*Required work*
Transcribed word for word, the lines below from the one with "Sala para alugar, 20" through the last line of the records form the answer; no picture is to be included.
**** Data extract ****
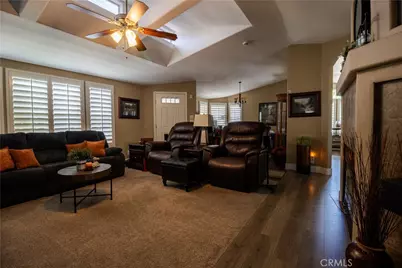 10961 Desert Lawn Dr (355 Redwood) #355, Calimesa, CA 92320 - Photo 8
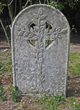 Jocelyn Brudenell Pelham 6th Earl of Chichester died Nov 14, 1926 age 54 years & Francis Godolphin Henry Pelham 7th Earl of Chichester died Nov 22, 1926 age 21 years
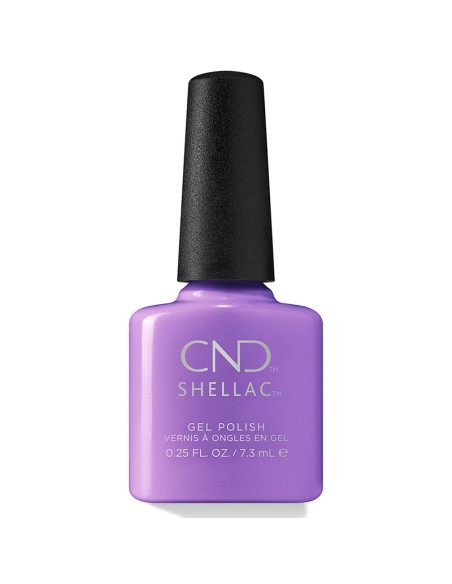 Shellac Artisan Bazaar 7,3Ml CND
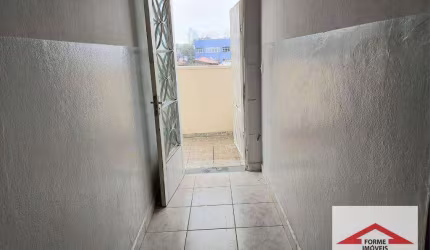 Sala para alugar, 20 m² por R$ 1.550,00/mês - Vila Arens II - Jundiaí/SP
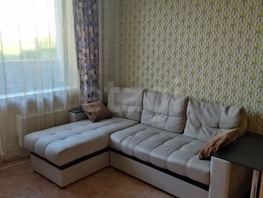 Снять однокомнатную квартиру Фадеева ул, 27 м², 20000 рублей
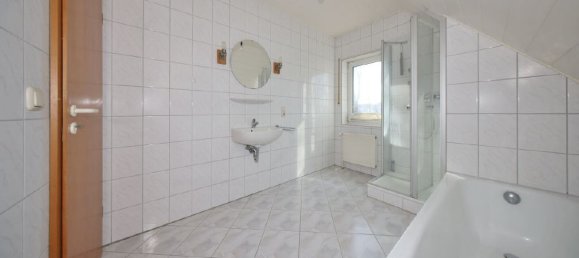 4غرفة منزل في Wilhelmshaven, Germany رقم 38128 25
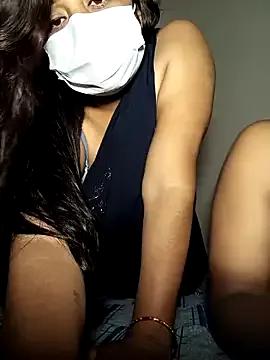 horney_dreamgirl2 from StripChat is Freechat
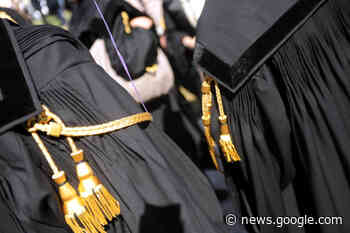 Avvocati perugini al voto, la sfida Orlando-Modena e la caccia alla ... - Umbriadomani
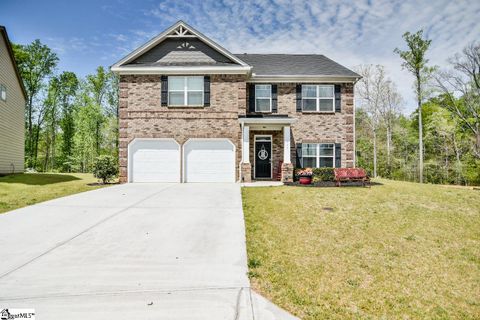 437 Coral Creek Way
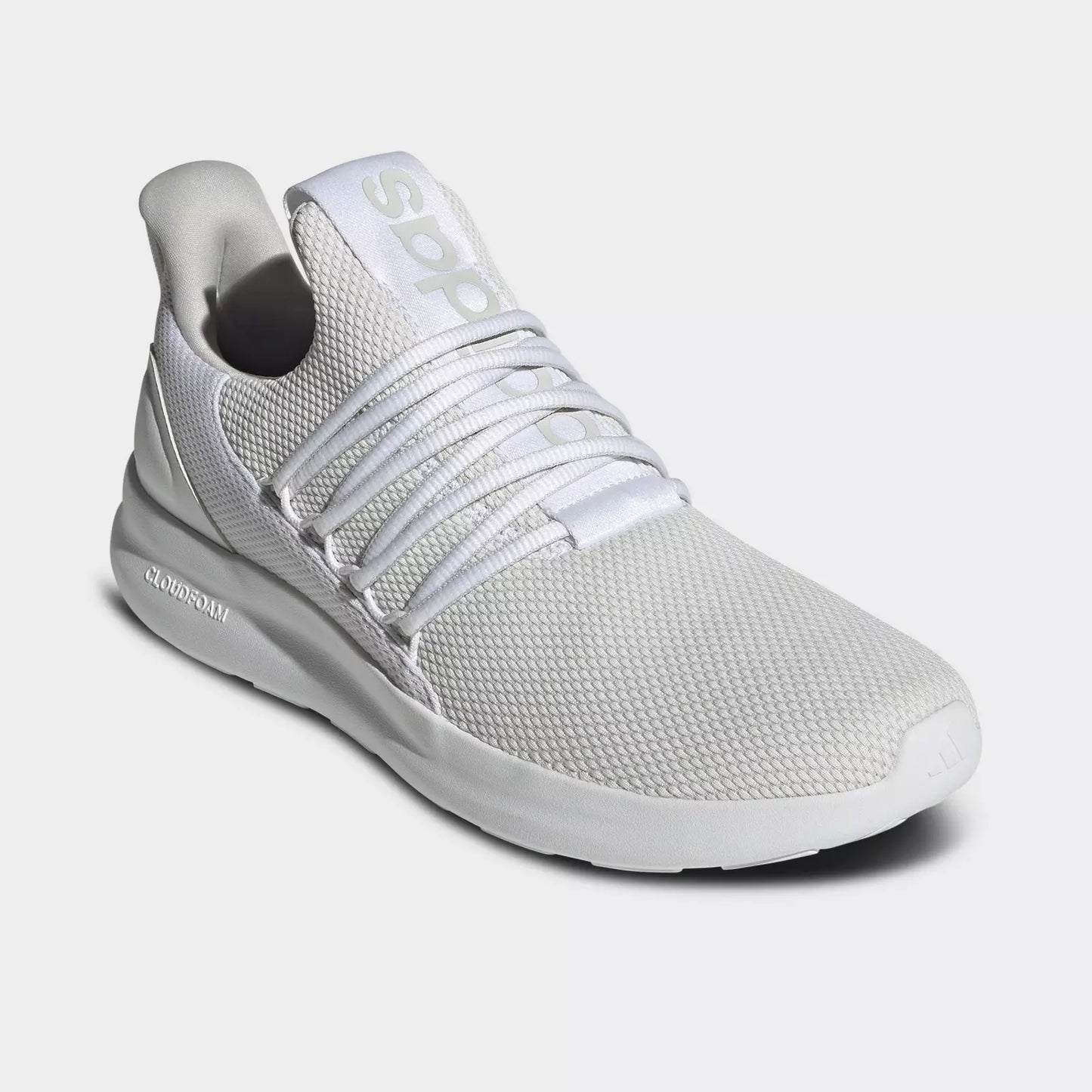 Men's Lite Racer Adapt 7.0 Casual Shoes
****
*Result for this exercise*
 Sala para alugar, 20 m² por R$ 1.550,00/mês - Vila Arens II - Jundiaí/SP
 Снять однокомнатную квартиру Фадеева ул, 27 м², 20000 рублей
 4غرفة منزل في Wilhelmshaven, Germany رقم 38128 25
 horney_dreamgirl2 from StripChat is Freechat
 Avvocati perugini al voto, la sfida Orlando-Modena e la caccia alla ... - Umbriadomani
 437 Coral Creek Way
 Men's Lite Racer Adapt 7.0 Casual Shoes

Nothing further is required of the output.